Too often, data centers become repositories for outdated or underused hardware that consumes extra floor space, electricity and manpower, while providing little business benefit.
Resellers can realise sales opportunities by demonstrating to customers the opportunities and potential efficiencies of optimising their data centers.
Improve the data center
First help customers identify technological redundancies in their data centers. With a thorough assessment, unnecessary hardware and applications can be identified, unplugged and eliminated.
You can then demonstrate that by employing energy-efficient technologies, and finding ways to streamline personnel without sacrificing quality, businesses can save money and improve IT infrastructures when they reduce electrical consumption.
Critical cool off
Electricity costs are second only to equipment purchases at most data centers.

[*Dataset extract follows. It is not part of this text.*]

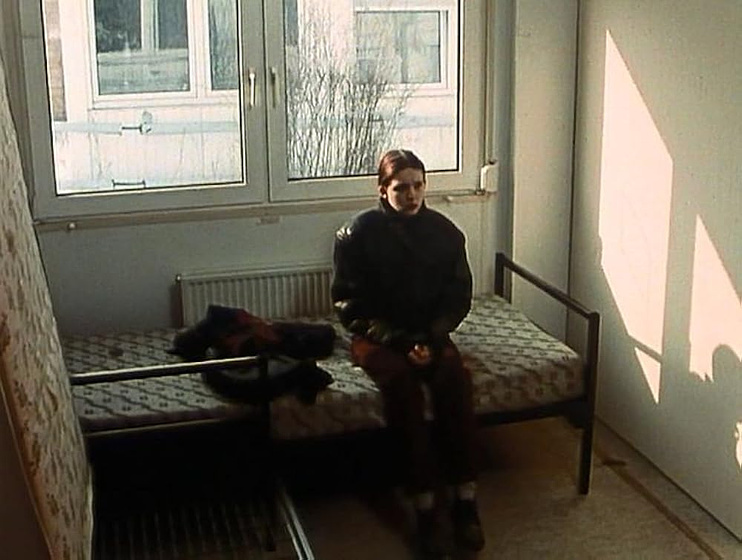 Laura Tonke en ostkreuz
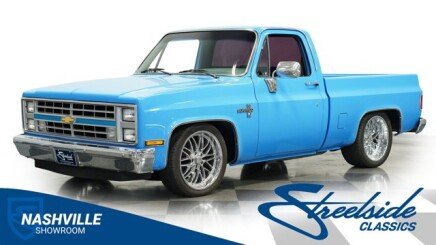 Photo 1 for 1985 Chevrolet C/K Truck Silverado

Review customers’ power and cooling capabilities and suggest energy efficient hardware, because as much as 70% of energy consumed can be spent on cooling.
See the total savings
Look for opportunities to help customers consolidate their servers, achieving economies of scale by reducing floor space, cutting power and cooling expenses.

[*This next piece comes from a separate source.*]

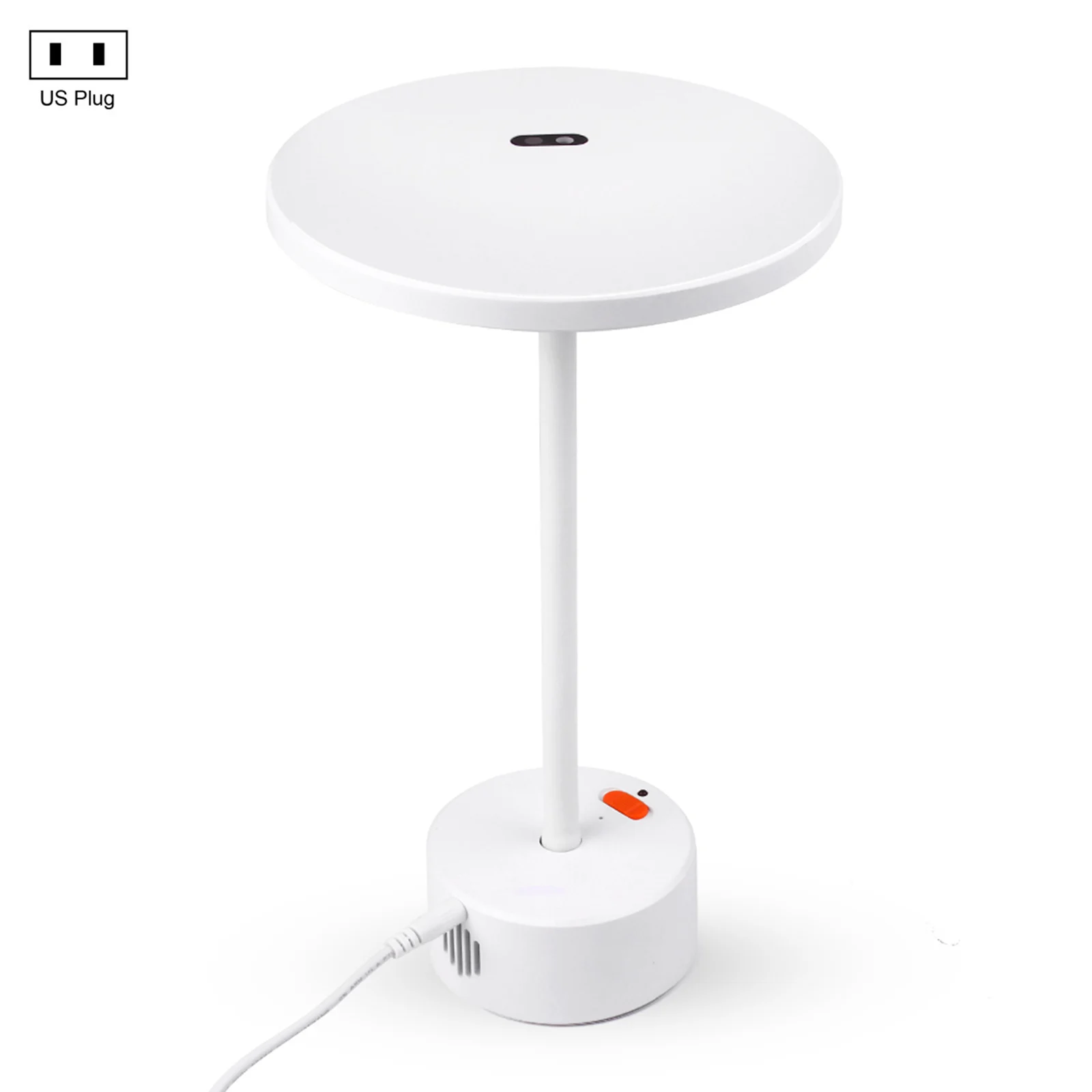 

Smart Table Lamp LED Eye-Protection Reading Standing Lamp Light With Voice Activated Control Mutli-Color Changing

As a bonus, hardware and software licensing, maintenance and network connectivity costs go down by combining what were previously separate physical server environments.
Improve manageability
By increasing standardisation and automation, businesses typically require fewer IT administrators.
Instead they can then rely on integrated performance teams comprising internal stakeholders such as the CIO, and technologists who can monitor the automated management software.
It is easier to manage a smaller number of centralised systems than it is to control a larger number of distributed systems.
Resellers should highlight that the manageability of systems directly affects cost and environment availability.
Virtualise
Understand the increasing importance of virtualisation in data centers. The dynamic pooling of heterogeneous compute, storage and network resources can all be virtualised in different ways to accomplish business objectives.
Rather than running a set of dedicated discrete components for every application, resellers can advise and help customers run applications across a pool of shared computing/capacity, storage and network/bandwidth resources.
The resources are dynamically allocated, provisioned, and ultimately dismantled, based on changing business needs.
Move forward
There is a growing focus on managing data centers as a ‘system’ with the objective of understanding and controlling power, cooling, networks and systems from a holistic perspective.
The expense of data centers, and growing costs and complexity around power, cooling and managing legacy make conversations about ‘The Data Center as a System’ very compelling.
Reach into your own supplier networks to begin to have these thought leadership conversations with your clients.